The animals are being given special vitamin-enriched diets so they can regain their strength. Until then, the lions are being kept in separate enclosures that used to house the sanctuary’s tigers. They can roam a bit, get their food and water and enjoy fresh air.
No one can predict when they will be healthy enough to move into a habitat with other lions or bears, Vermilye said. “It might take weeks, months or maybe years,” she said. “We can’t force them to do something they don’t want to do.”
Craig is splitting time between Keenesburg and Puerto Rico to manage the airlift of animals that remain at the zoo.
Juan A. Rivero Zoo, the only zoo on the island of Puerto Rico, began having financial troubles as far back as 2012. The zoo declined year after year which resulted in animals dying, Craig said.
“It was a situation that got worse and worse,” Craig said.
As USDA violations piled up, the zoo finally closed its doors to visitors in 2017. But the Puerto Rican government kept the animals locked in their cages, Craig said.
Later that same year, Hurricane Irma devastated the island and left residents and the zoo with no power for four months, he said.
The zoo was heavily damaged and some animals escaped while others survived in their enclosures.
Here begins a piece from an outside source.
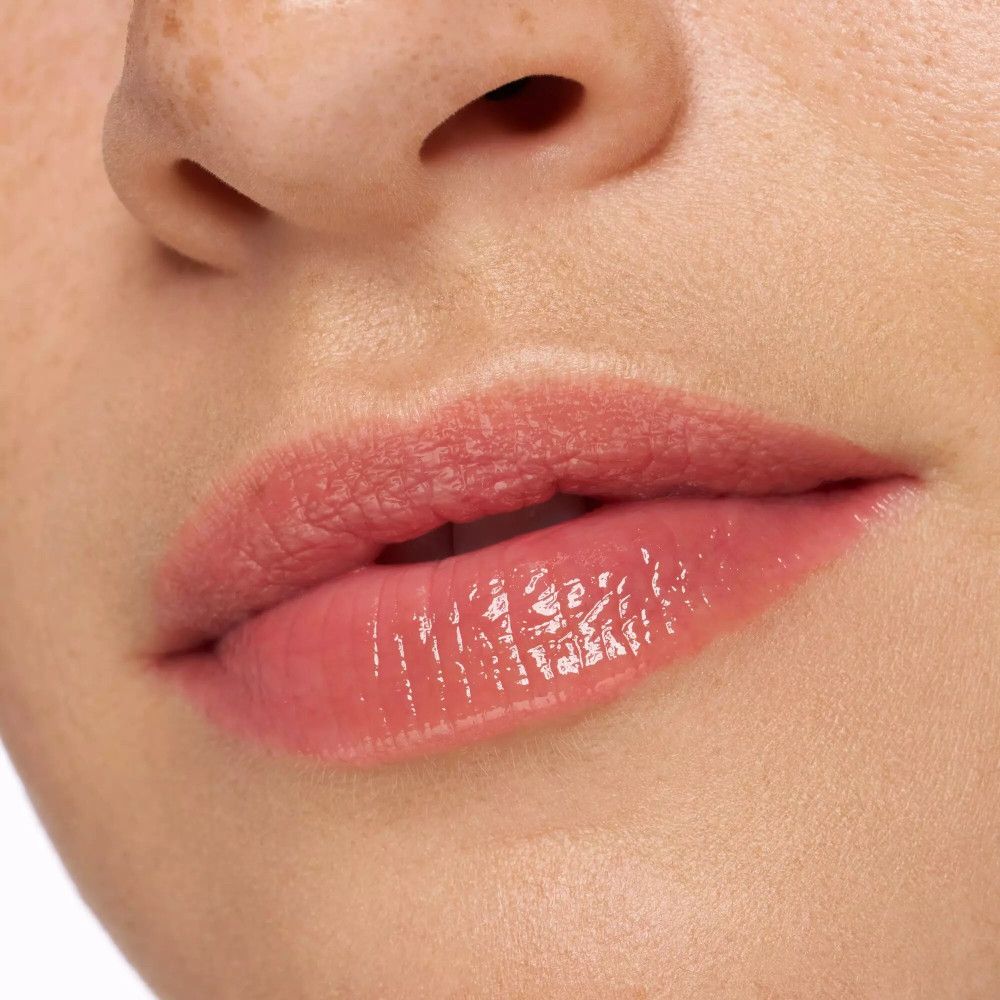 Gros plan sur des lèvres avec du rouge à lèvres rose. Fini brillant.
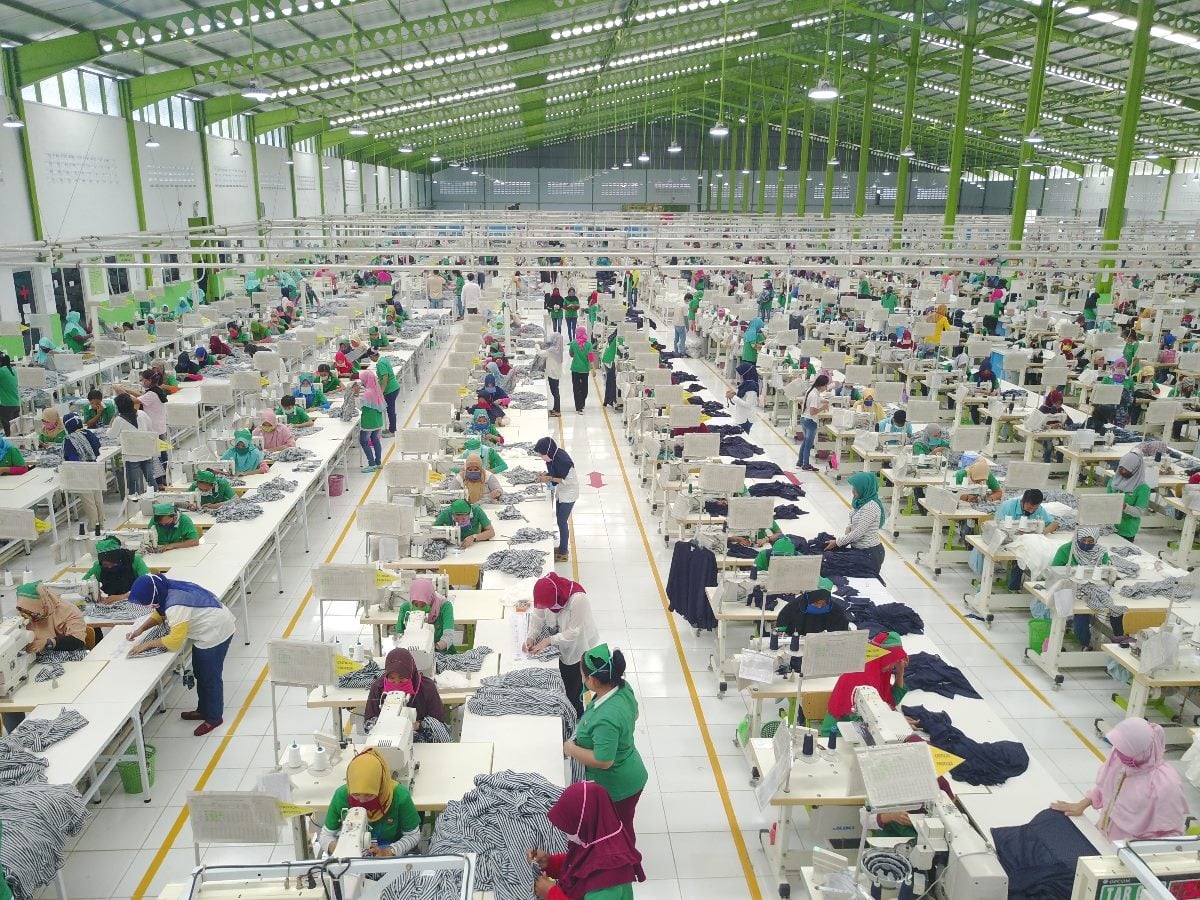 Workers in a large garment factory floor, rows of sewing machines stretching across a brightly lit industrial space with employees assembling clothing at scale.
But the lack of care took its toll on the animals, Craig said.
“Year after year nothing was done to address the overall problem of inadequate funding which in-turn greatly impacted the overall care that could be provided to the animals,” Craig said in an email plea to donors to provide funding for the rescue.
In March, the DOJ and the Commonwealth of Puerto Rico on behalf of the Puerto Rico Department of Justice and the Puerto Rico Department of Environment and Natural Resources, reached an agreement to get the trapped animals out of the zoo.
The U.S. Fish and Wildlife Service also removed a bald eagle, a golden eagle, two great horned owls, a red-tailed hawk and two snakes, according to the justice department.
The conditions at the zoo were so stark that Puerto Rico officials are considering making it illegal to exhibit captive animals in any government owned park. Riviro Zoo, located on land belonging to the University of Puerto Rico Mayagüez campus, will be converted to an ecological park.
The 22-year-old Dasani — a single-hump camel — is blending in well with the sanctuary’s other camels and horses on the northwest edge of the compound. She shows little hesitation in strolling toward a group of visitors to check them out.
“She’s very curious about people,” Vermilye said as Dasani got closer. “But don’t get too close. She’s pretty powerful.”
With that Vermilye ushered the visitors into a couple of electric carts to whisk them away from an advancing Dasani.
The camel veered off toward a group of horses to mingle and munch on hay.
“There she goes,” Vermilye said. “She’s with her group now. She can now live out a happy life.”